Output exactly the lines that come between the start of the material and the line containing "Welcome to tutorial", both ends included, with the pictures omitted.

___ SUPPLIED MATERIAL

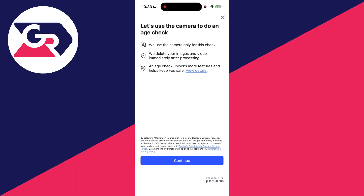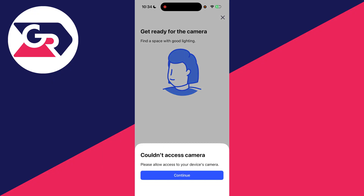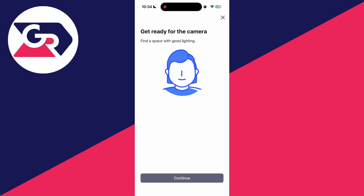You then get this pop-up. What we can do is do an age check with the camera. You don't actually have to use your ID — you can just press continue here, and you need to get ready for the camera.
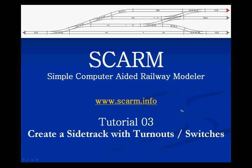Welcome to tutorial number 3 of the computer aided railway modeler called SCARM. In tutorial 2 we edited our track and made a little bit longer straight, so that we created some room to now add a side track to make a nice railway station.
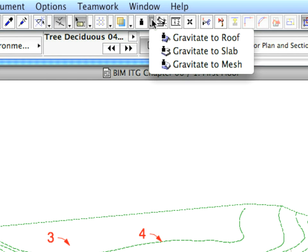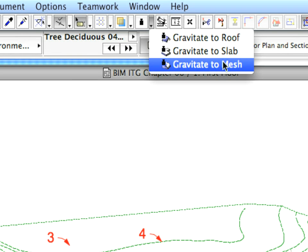In the status bar, click and hold down the mouse button to bring up the pop-up list of the Gravity feature. From the appearing list, select the Gravitate to Mesh option.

______

▶ ANSWER BOX:
You then get this pop-up. What we can do is do an age check with the camera. You don't actually have to use your ID — you can just press continue here, and you need to get ready for the camera.
Welcome to tutorial number 3 of the computer aided railway modeler called SCARM. In tutorial 2 we edited our track and made a little bit longer straight, so that we created some room to now add a side track to make a nice railway station.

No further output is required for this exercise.